IdentifyVariants #182

songtaogui · 2018-11-28T07:12:36Z

Hi,
I would like to do a "merge call" using IdentifyVariants as suggested in #111. And I have learned that IdentifyVariants takes Breakend assemblies as required inputs ( which should be merged before ) and Coordinate-sorted BAM file as optional inputs. So my questions are:

What does the "Coordinate-sorted BAM file" do during IdentifyVariants
Is it OK to use SV-reads-bam rather than raw-all-reads-bam
Should I merge bam files of all samples into one ( just like the assemblies ) ?

Thank you very much!
Songtao Gui

The text was updated successfully, but these errors were encountered:

…rt of GRIDSS is run

d-cameron · 2018-12-04T12:52:59Z

Ok, it's a bit more complicated that my initial comment. I've added an example/gridss_separate.sh scripts so you can a) see what each step does, and b) don't have to run the full GRIDSS pipeline when you don't need to. The problem with just running independent assemblies is that the assembly.bam records the per-sample support according to input ordinal, not input name. This means if you merge all the assembly bams together the variant calling will consider every assembly to come from the first sample.
To get around this, you'll need to batch your samples and use dummy placeholders.
Eg: batch 1 would look like

java -Xmx31G $JVM_ARGS gridss.AssembleBreakends \
		INPUT=input1.bam INPUT_LABEL=sample1 \
		INPUT=input2.bam INPUT_LABEL=sample2 \
		INPUT=empty.bam INPUT_LABEL=sample3 \
		INPUT=empty.bam INPUT_LABEL=sample4 \
		INPUT=empty.bam INPUT_LABEL=sample5 \
		INPUT=empty.bam INPUT_LABEL=sample6 \
		OUTPUT=batch1.bam

your second batch would look like:

java -Xmx31G $JVM_ARGS gridss.AssembleBreakends \
		INPUT=empty.bam INPUT_LABEL=sample1 \
		INPUT=empty.bam INPUT_LABEL=sample2 \
		INPUT=input3.bam INPUT_LABEL=sample3 \
		INPUT=input4.bam INPUT_LABEL=sample4 \
		INPUT=empty.bam INPUT_LABEL=sample5 \
		INPUT=empty.bam INPUT_LABEL=sample6 \
		OUTPUT=batch1.bam

and so on.

It is important that the input file and label ordering matches for every batch!

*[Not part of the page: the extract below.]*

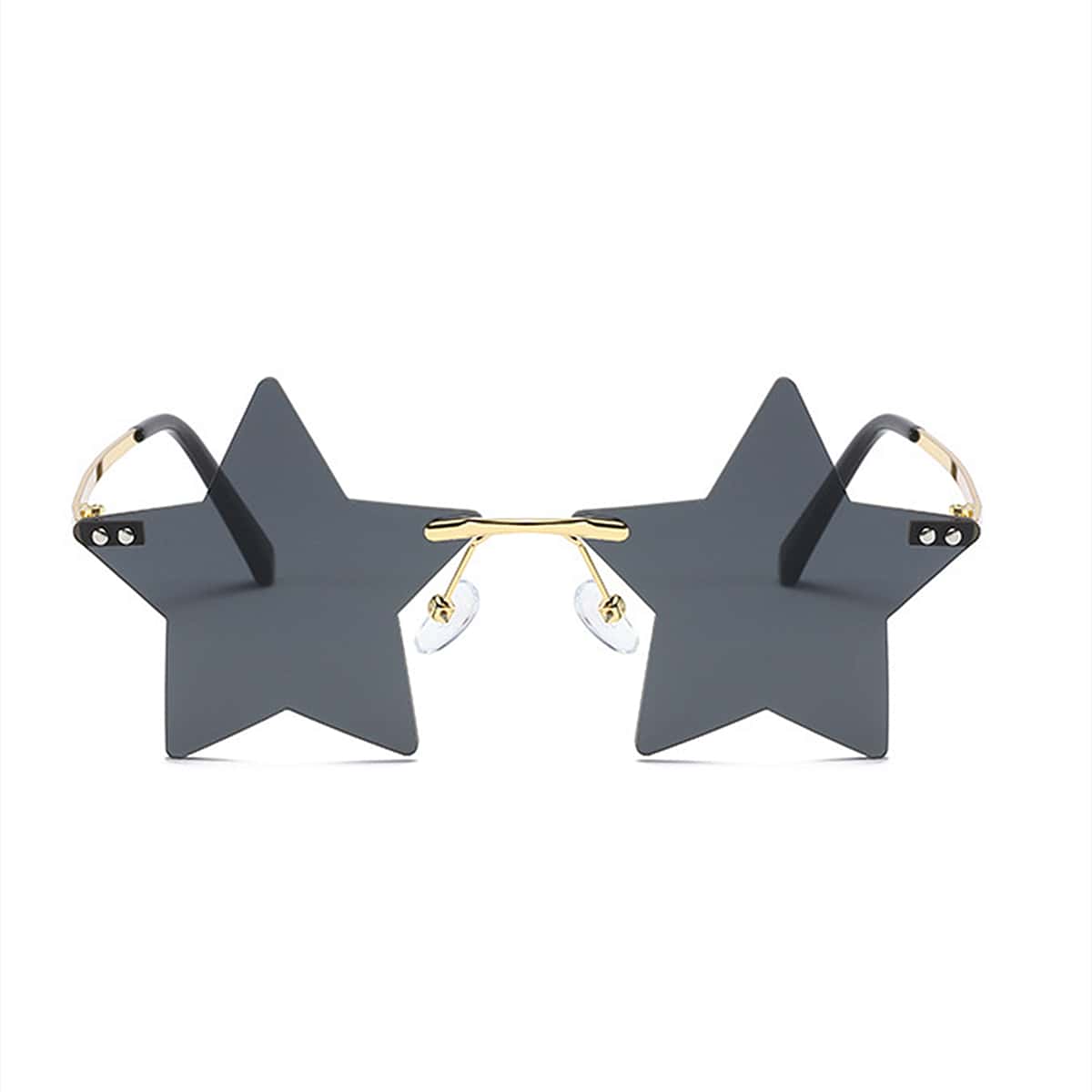 

Star Shaped Rimless Sunglasses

By using empty.bam (a BAM file containing zero reads) as the input file for each input not included in the batch, we don't incorporate them into the assembly, but we keep all the assembly bam files consistent with each other.

The other issue is that assembly contig names will be reused across each batch. We can solve this issue by prepending the batch name to every read name within each assembly bam. Do this before invoking gridss.SoftClipToSplitReads on the assembly bam so you don't have to worry about split reads.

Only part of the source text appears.